=== EXERCISE MATERIAL ===
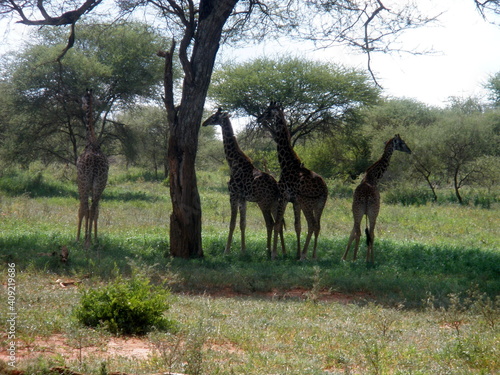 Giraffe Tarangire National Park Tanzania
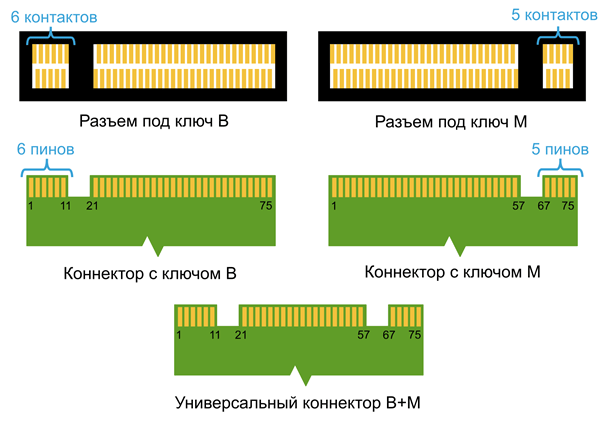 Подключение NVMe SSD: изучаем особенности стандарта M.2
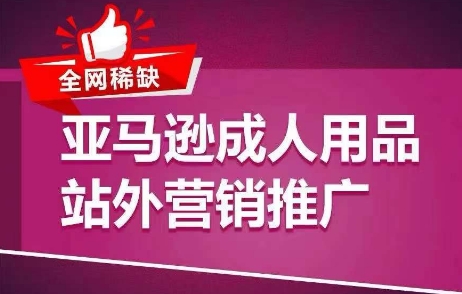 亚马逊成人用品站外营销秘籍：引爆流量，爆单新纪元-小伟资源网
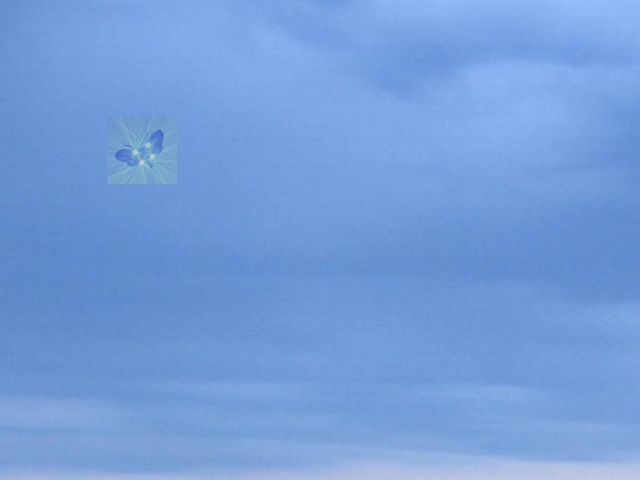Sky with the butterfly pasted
===
=== EXERCISE MATERIAL ===
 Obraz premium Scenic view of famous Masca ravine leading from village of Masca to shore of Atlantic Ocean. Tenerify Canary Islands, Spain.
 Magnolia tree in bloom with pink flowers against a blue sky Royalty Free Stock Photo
===
» **TASK TO COMPLETE**: Above are records; write out the lines from the one with "亚马逊成人用品站外营销秘籍：引爆流量，爆单新纪元-小伟资源网" down to the one with "Sky with the butterfly pasted", exactly, leaving the pictures out.

» **WORKED SOLUTION**:
 亚马逊成人用品站外营销秘籍：引爆流量，爆单新纪元-小伟资源网
Sky with the butterfly pasted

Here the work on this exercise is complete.